While this is undoubtedly good news for UCSB Athletics, the handling of the deal undermined the only station in Santa Barbara that has been with the baseball team all season long, UCSB’s own student-managed, volunteer-run KCSB. From the first pitch of the season at San Diego State in February, KCSB has provided the most thorough, consistent, live coverage of UCSB baseball over the past four seasons and plans to continue to do so for the rest of 2004, despite KTLK’s new presence.
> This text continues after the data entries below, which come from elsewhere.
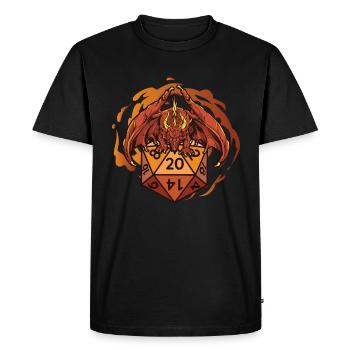 Dragon with D20 dice - Men's Premium Organic T-Shirt - black - Front - Nico (187cm)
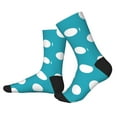 thumbnail image 2 of KLL Sky Blue And White Polka Dot Print Cool Socks Men's Women's Crew Socks Funny Crazy Novelty Stockings, 2 of 7
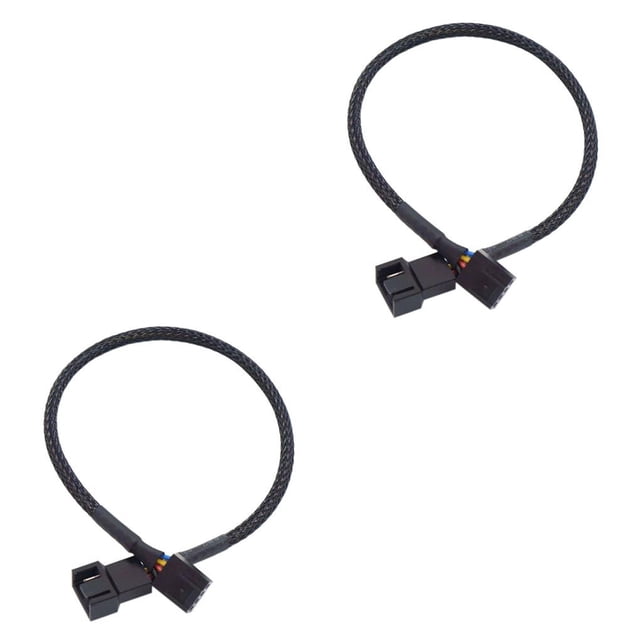 Methold Reemplazo del Cable de extensión del ventilador de la caja de la computadora Conector de 4 pines trenzado a Cable de alimentación 42cm 2piezas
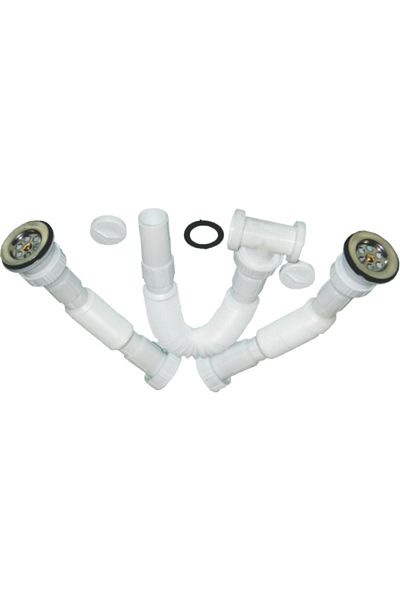 flores Double sink trap with small head, 1"1/2 - 40 mm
It is not the reality of the deal itself that has turned heads toward KCSB’s sports staff but rather the manner in which the staff was informed: through a release on the UCSB Athletics website. KCSB was never contacted directly by anyone in the UCSB Athletic Dept. about the deal before the new coverage was announced, despite its immediate consequences for the station. Fortunately, KCSB will still be able to go ahead with its schedule as planned for this season, but this has little to do with the deal between Clear Channel and UCSB and more to do with the capabilities of Big West Conference opponents to accommodate two visiting radio stations. In the future, the effect of such coverage could be much more problematic for KCSB, as Clear Channel would receive priority over KCSB when only one station could be accommodated.
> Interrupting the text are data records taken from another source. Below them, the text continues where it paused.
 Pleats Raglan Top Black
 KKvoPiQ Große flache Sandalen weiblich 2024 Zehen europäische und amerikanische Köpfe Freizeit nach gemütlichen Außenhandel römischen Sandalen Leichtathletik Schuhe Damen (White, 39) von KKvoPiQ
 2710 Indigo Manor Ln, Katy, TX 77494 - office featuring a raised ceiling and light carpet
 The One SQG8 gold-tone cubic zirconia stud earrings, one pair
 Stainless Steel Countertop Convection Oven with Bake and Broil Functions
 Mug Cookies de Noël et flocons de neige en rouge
This is not the first time that Clear Channel and the UCSB Athletic Dept. have made a deal that has carried heavy implications for KCSB. In 2003, when KEYT 1250-AM was sold to an Oxnard-based group that changed the station to a Spanish-language format, the Athletic Dept. scrambled to find a home for UCSB men’s basketball, with KCSB as the primary carrier of women’s basketball. However, Clear Channel, which owns 1,229 radio stations across the United States, pursued women’s basketball as part of the deal, despite the fact that KCSB and UCSB Athletics had already arranged for the women’s games to be covered several months beforehand. Before the deal was made, Athletic Director Gary Cunningham was quoted in the Santa Barbara News-Press as saying, “It would be a tragedy if none of our games were covered on local radio,” with no regard to KCSB’s contribution to UCSB Athletics. While Cunningham’s statement certainly does not reflect the opinions of every individual in the Athletic Dept., it, combined with the new agreement for UCSB baseball and Clear Channel, begs the question of whether the true mission of UCSB Intercollegiate Athletics is an educational one, or is it all about the money?
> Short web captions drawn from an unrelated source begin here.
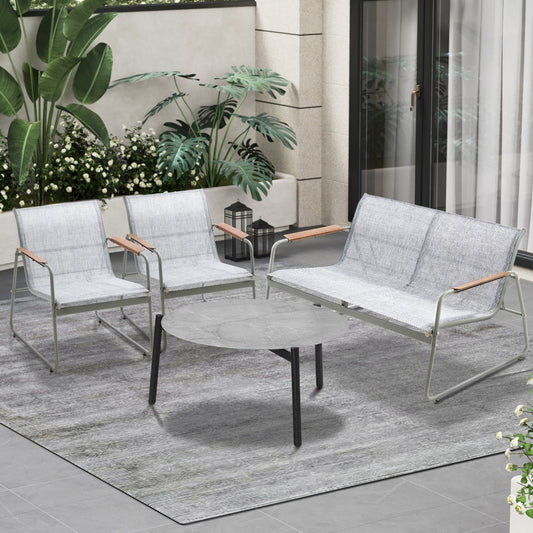 Outdoor Lounge Set 4 Seater Patio Chairs 70cm Grey Table
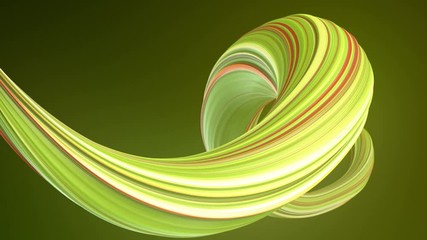 Poster - Colored twisted shape motion graphics background. Computer generated abstract geometric 3D render loop animation. 4K, Ultra HD resolution.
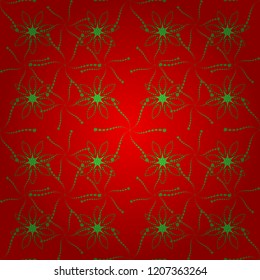 Folkloric ethnic green, orange and red embroidery floral seamless pattern. A line of neck, bags, textiles for your design. Vector illustration.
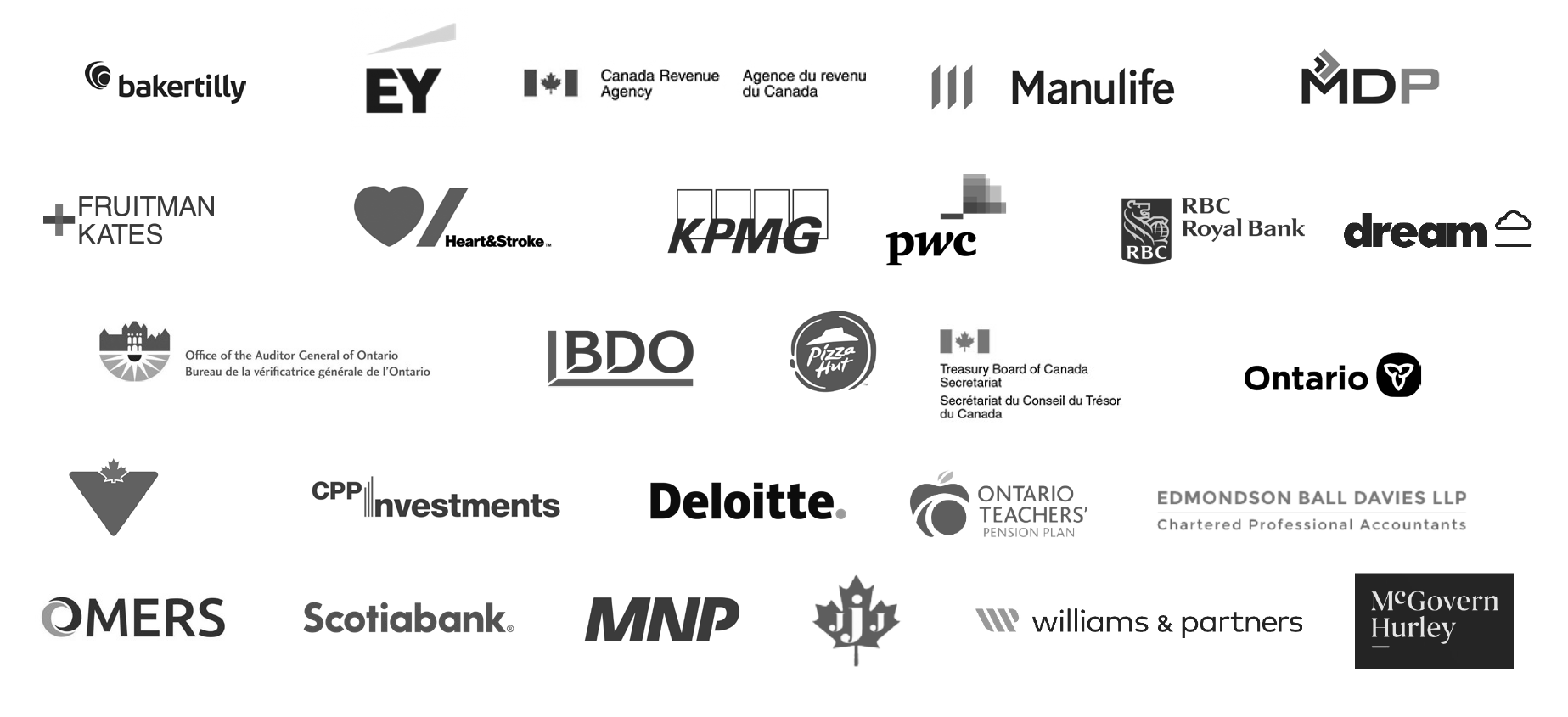 Graphic depicting employer logos including EY, KPMG, Deloitte, Manulife, MNP, Scotiabank, Ontario Government, OMERS, PwC, and more.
KCSB has made a philosophy out of covering issues, events and music that is largely untouched by the mainstream media, a philosophy which has guided KCSB Sports throughout its coverage of UCSB Athletics. KCSB Sports regularly covers UCSB Athletics with a volunteer staff of 17, all of whom utilize KCSB as an opportunity to learn the craft of radio. As a result, not only is KCSB able to provide the most consistent radio coverage of UCSB Athletics in Santa Barbara, but it is also able to provide staff members with an unparalleled educational experience in broadcast sports journalism.

While the short-term effects of the new deal between Clear Channel and UCSB may seem inconsequential, the long-term effects and future deals between both entities could afflict KCSB and such education in a much more negative way. When considering such a deal, UCSB Athletics should remember that it has a responsibility not only to the success of its own student-athletes, but also to its relationships between the university and the other students that are greatly affected by its decisions.